§ **TASK DETAILS**:
Would you return the data exactly as given, except for its pictures?

§ **INFORMATION PROVIDED**:
* * *

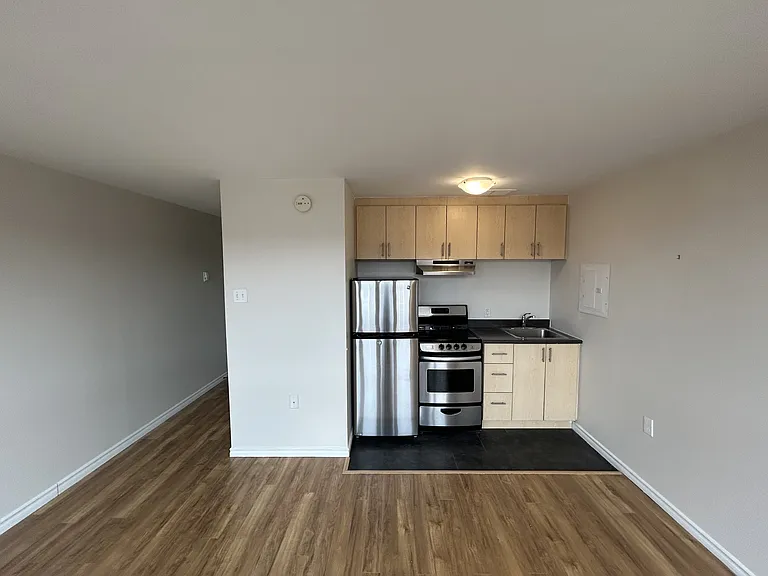5222 Green St — Photo 3
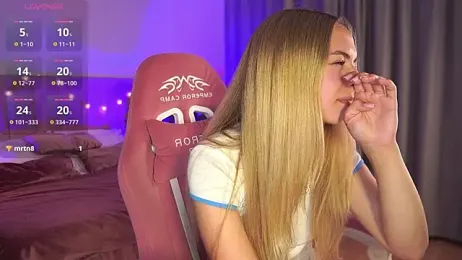 ShinyBarbie webcam model stream image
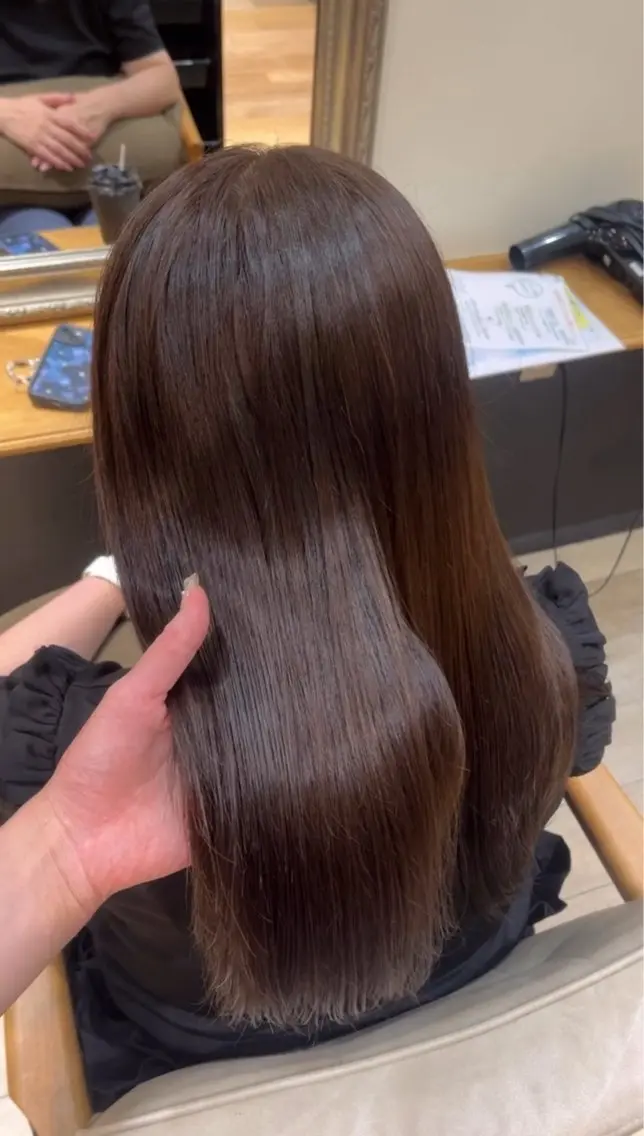 セミロング みゆ/ カラーリスト🎀のヘアスタイル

* * *

§ **SOLUTION TO THE PROBLEM**:
5222 Green St — Photo 3
 ShinyBarbie webcam model stream image
 セミロング みゆ/ カラーリスト🎀のヘアスタイル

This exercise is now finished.